### WHAT YOU WILL DO:
Leave out the pictures, and quote exactly the lines running from the one with "Silhouette of woman" through the last line of the entries below.

Web page caption snippets:
◆ ◆ ◆
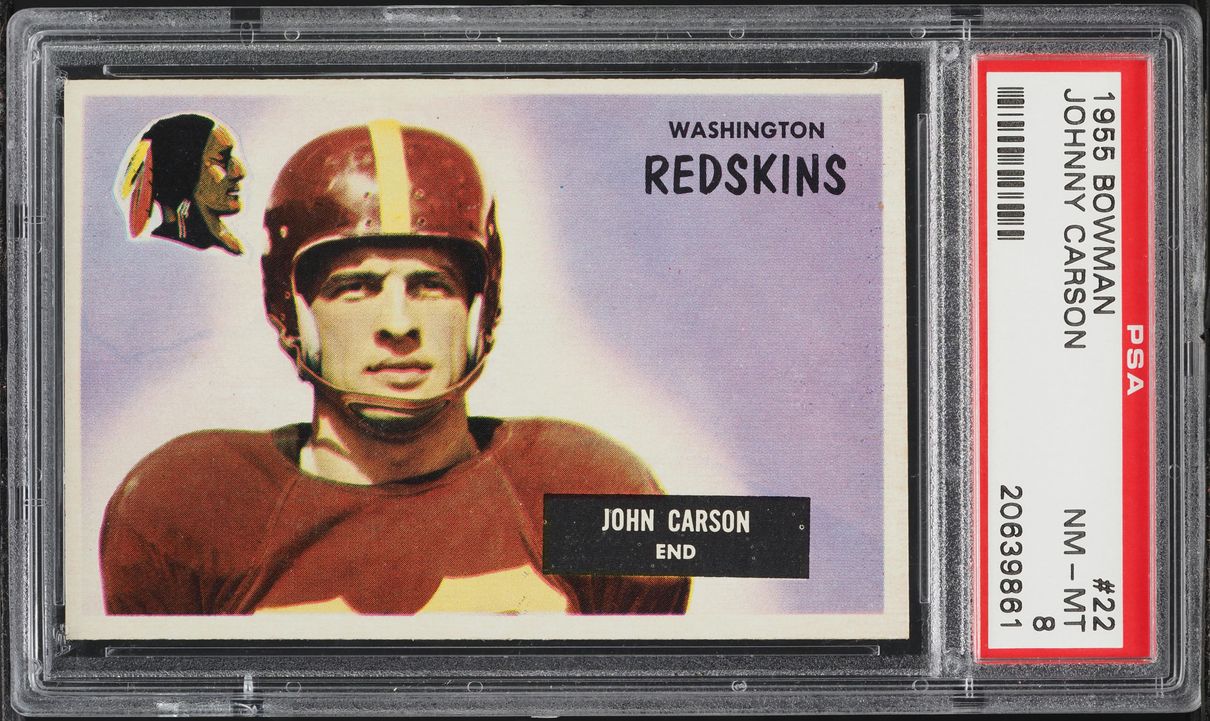1955 Bowman Football Johnny Carson #22 PSA 8 NM-MT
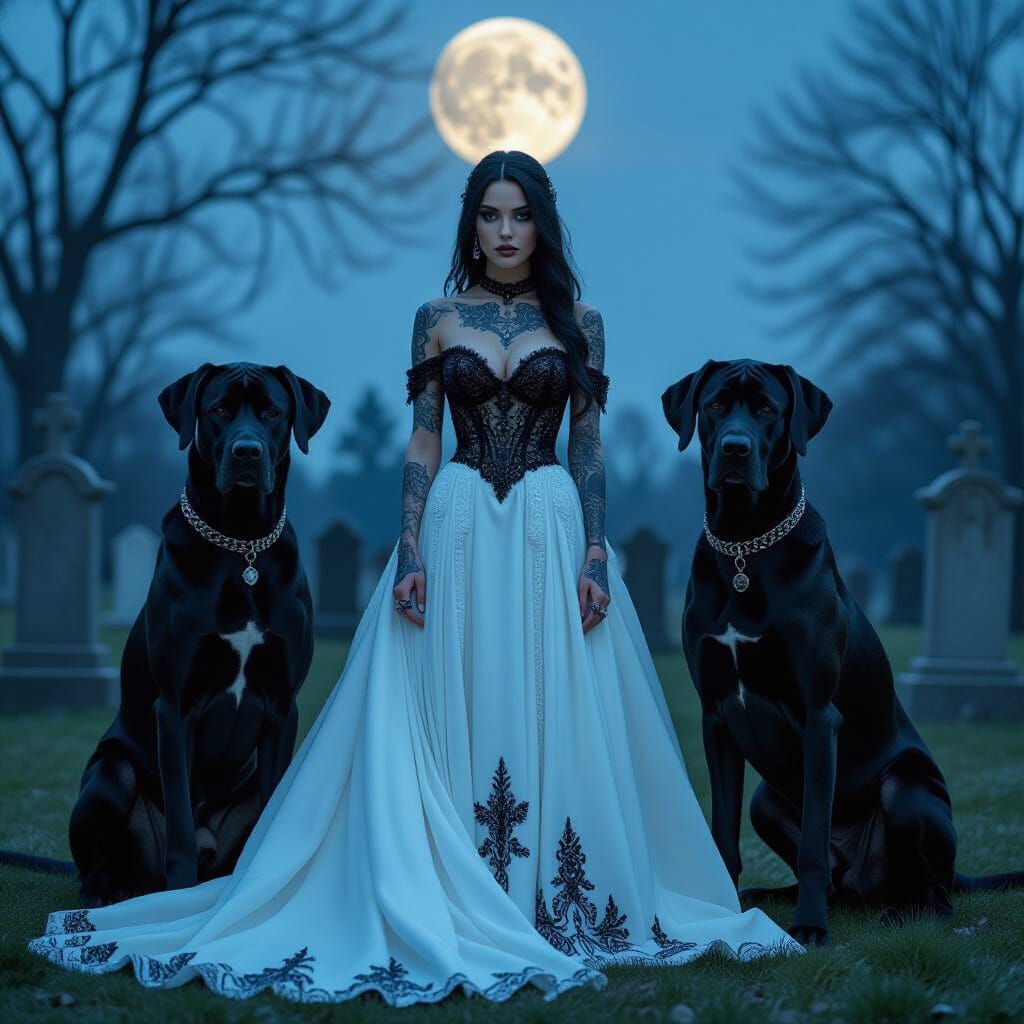 Gothic Model in Moonlit Graveyard with Great Danes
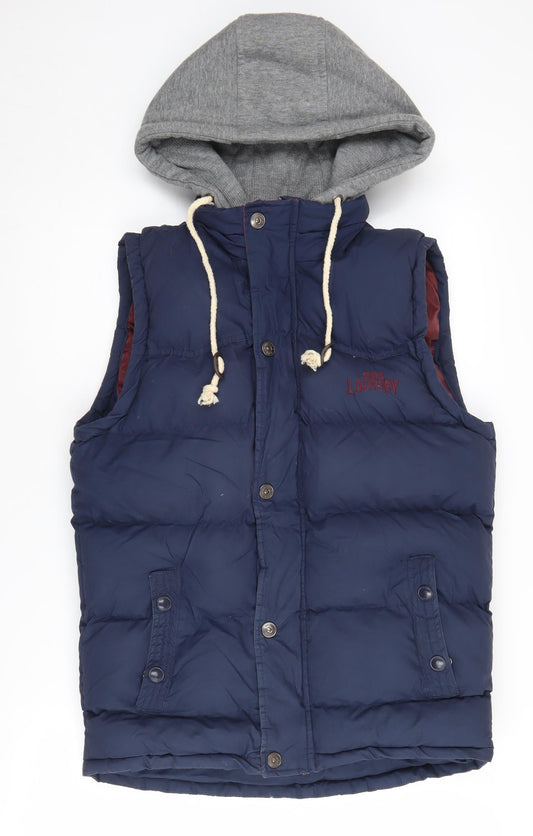 Tokyo Laundry Men's Blue Puffer Jacket S Hooded Casual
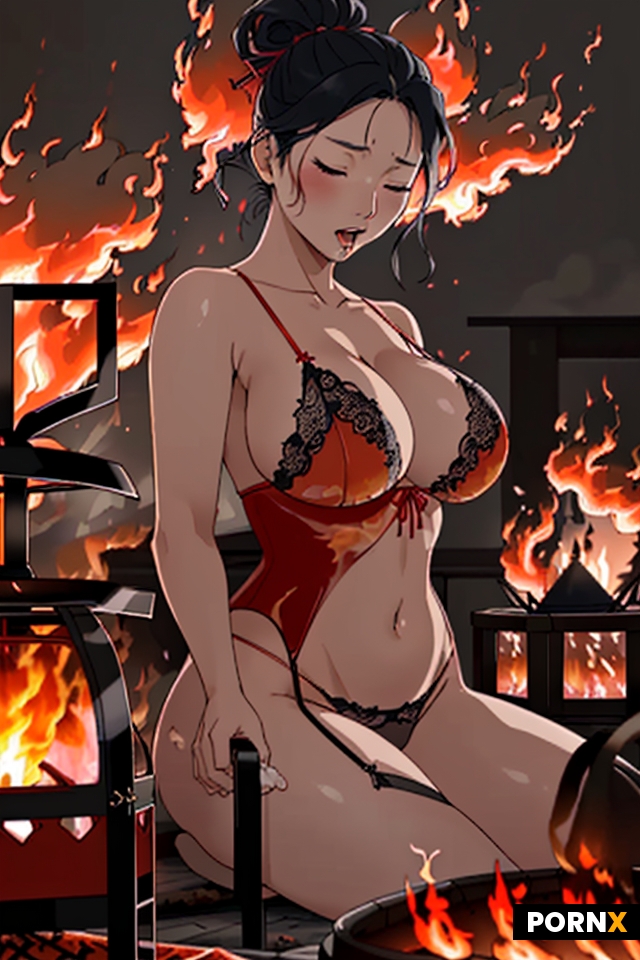 Japanese woman in shibari dangling over a raging firepit with tall engulfing flames while a Chinese 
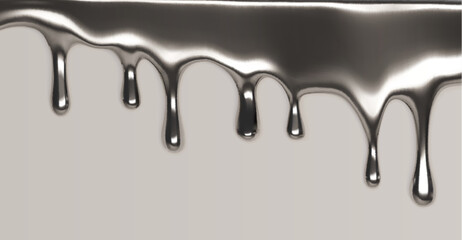 Poster - Liquid silver border isolated on background. Vector realistic illustration of molten chrome substance with glossy drops, metallic paint splash, smooth platinum, steel, aluminum frame with blobs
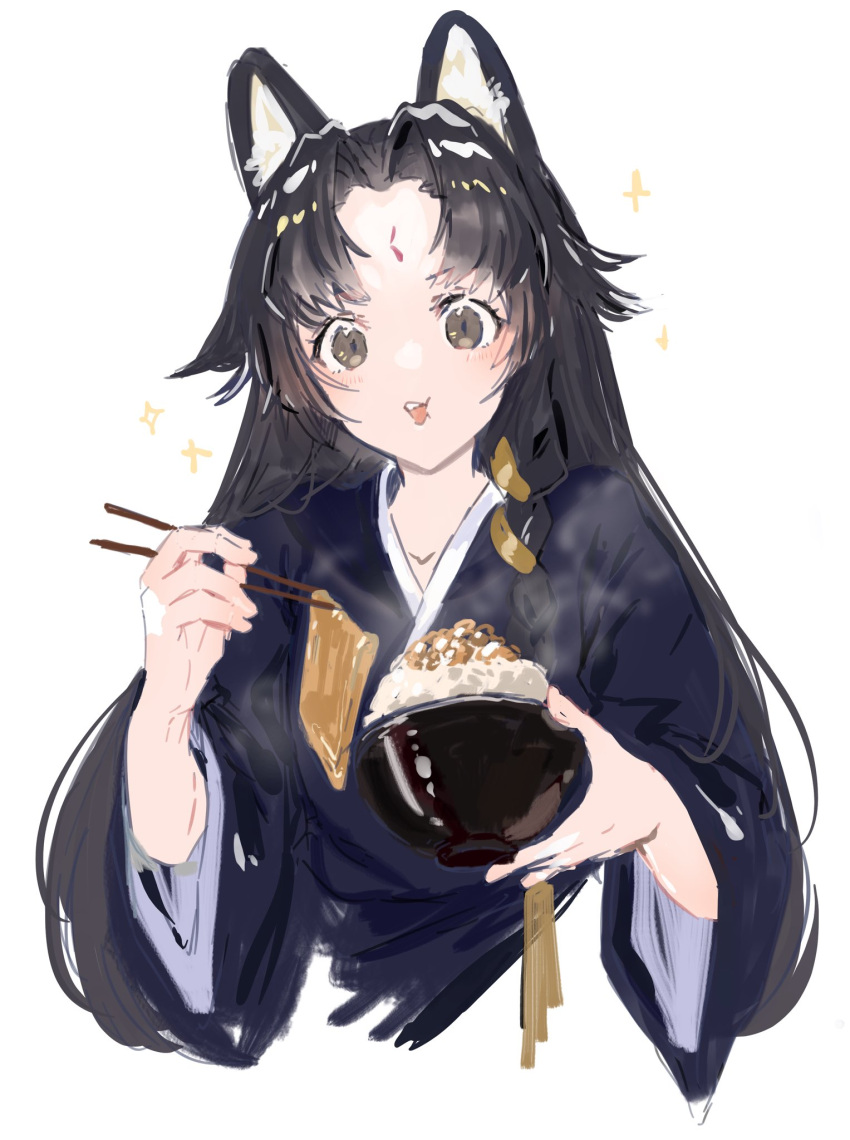 1girl aburaage animal_ears arknights black_hair black_kimono bowl brown_eyes chopsticks dog_ears dog_girl eating facial_mark food forehead_mark highres holding holding_chopsticks japanese_clothes kimono long_hair long_sleeves nanaponi nattou rice rice_bowl saga_(arknights) solo upper_body wide_sleeves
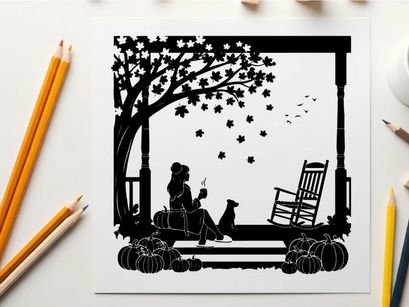 Silhouette of woman and dog on porch with autumn leaves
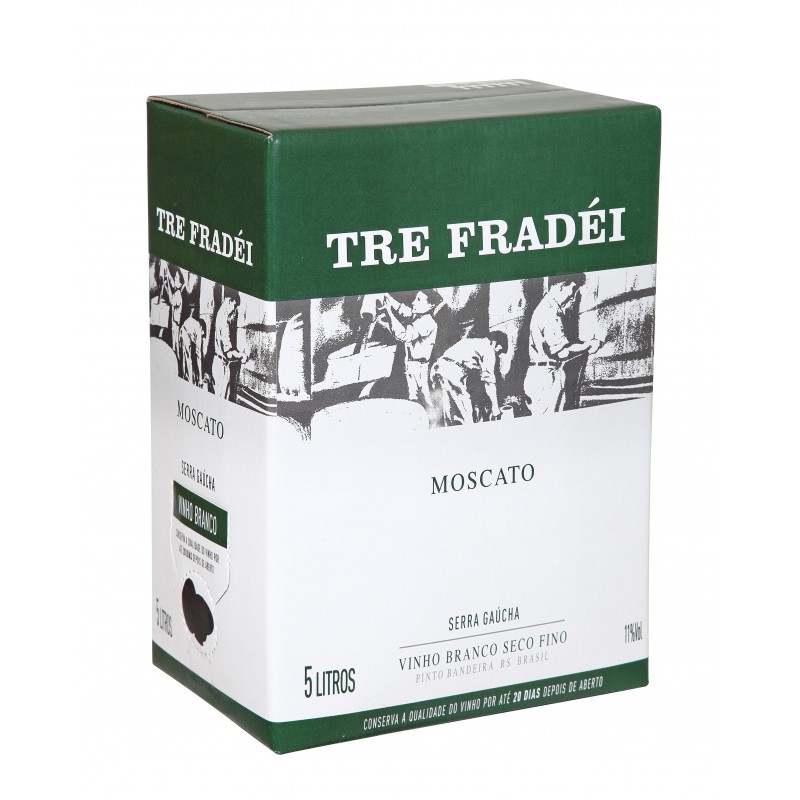 Fradéi Moscato in box Branco 5litros Valmarino Linha bag - - Tre Vinícola Vinho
◆ ◆ ◆
### RESULT OF THIS EXERCISE:
 Silhouette of woman and dog on porch with autumn leaves
 Fradéi Moscato in box Branco 5litros Valmarino Linha bag - - Tre Vinícola Vinho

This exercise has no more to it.